ECLI:NL:GHSHE:2021:2988
Gerechtshof 's-Hertogenbosch
- Hoger beroep
- Rechtspraak.nl
Wijziging van partneralimentatie en transitievergoeding in hoger beroep
In deze zaak heeft het Gerechtshof 's-Hertogenbosch op 30 september 2021 uitspraak gedaan in hoger beroep over de wijziging van partneralimentatie en de transitievergoeding. De man, verzoeker in hoger beroep, had in eerste aanleg verzocht om de partneralimentatie met ingang van 1 januari 2020 te verlagen en met ingang van zijn AOW-leeftijd definitief te beëindigen. De rechtbank Zeeland-West-Brabant had dit verzoek afgewezen. De man stelde dat er sprake was van een wijziging van omstandigheden, omdat de vrouw in staat zou zijn om in haar eigen levensonderhoud te voorzien.

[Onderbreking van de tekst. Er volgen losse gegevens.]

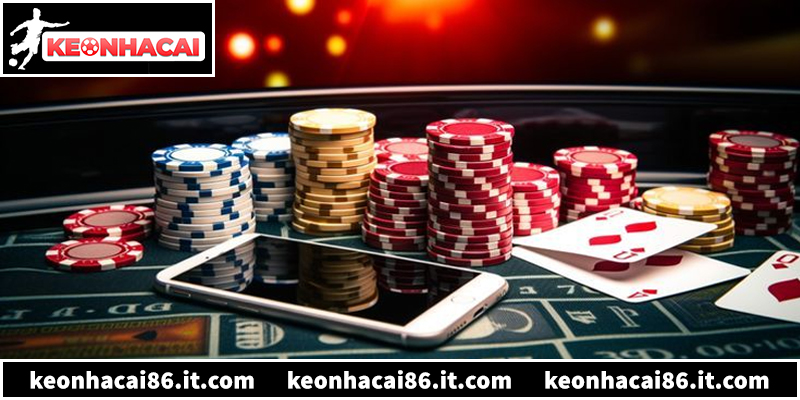 Khám phá toàn bộ nền tảng Top88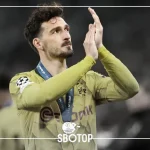 SBOTOP : Bos Bologna Ungkap Pendekatan Hummels saat Calafiori hampir pindah ke Arsenal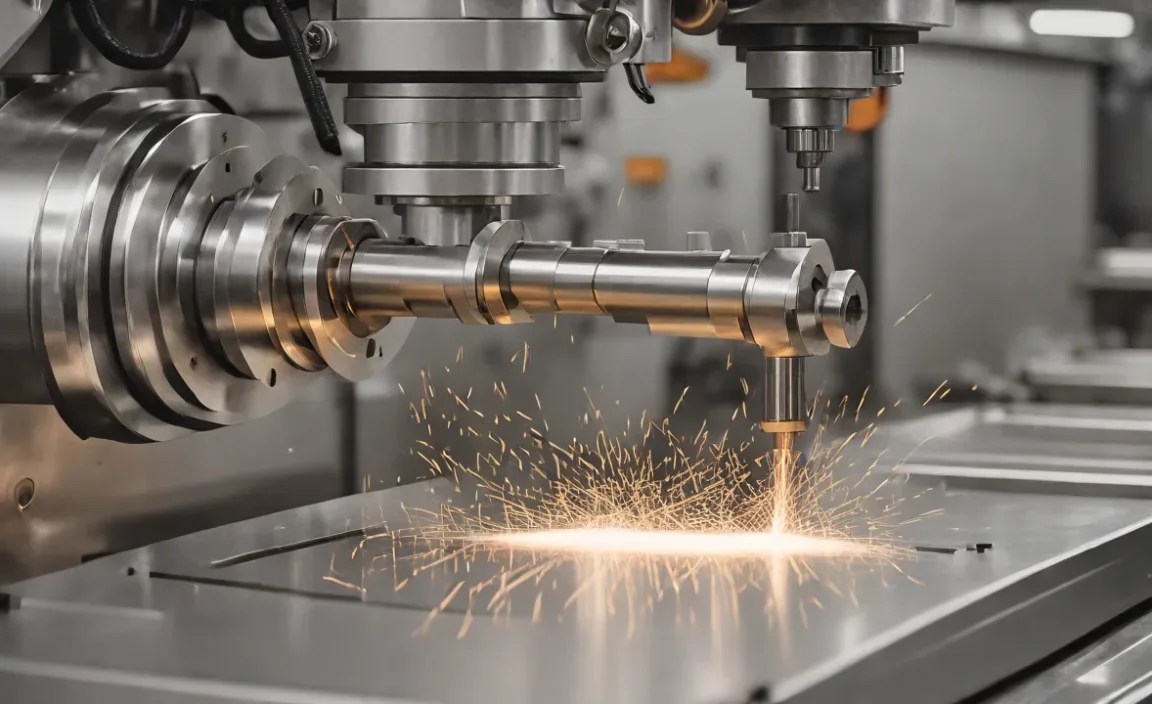 Understanding High-Speed Machining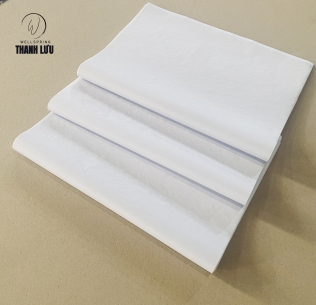 Giấy Poluya  17 gsm FSC mẫu 2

De vrouw, verweerster in hoger beroep, betwistte dit en voerde aan dat zij door gezondheidsproblemen niet in staat was om werk te vinden.
Het hof heeft de feiten vastgesteld, waaronder de ontbinding van het huwelijk op 15 november 2018 en de eerdere afspraken over de partneralimentatie. Het hof oordeelde dat de man niet voldoende had aangetoond dat de vrouw in staat was om in haar eigen levensonderhoud te voorzien. De vrouw had zich weliswaar ingespannen om werk te vinden, maar had door haar leeftijd en gezondheidsproblemen moeite om een passende baan te vinden. Het hof concludeerde dat er met ingang van 1 oktober 2020 wel sprake was van een wijziging van omstandigheden door de beëindiging van de arbeidsovereenkomst van de man, maar dat dit niet leidde tot een wijziging van de partneralimentatie.
Uiteindelijk heeft het hof de beschikking van de rechtbank bekrachtigd, waarbij de man verplicht bleef om de overeengekomen partneralimentatie te betalen. De beslissing benadrukt de verantwoordelijkheden van beide partijen om zich in te spannen voor hun eigen levensonderhoud en de noodzaak om wijzigingen in de financiële situatie tijdig te communiceren.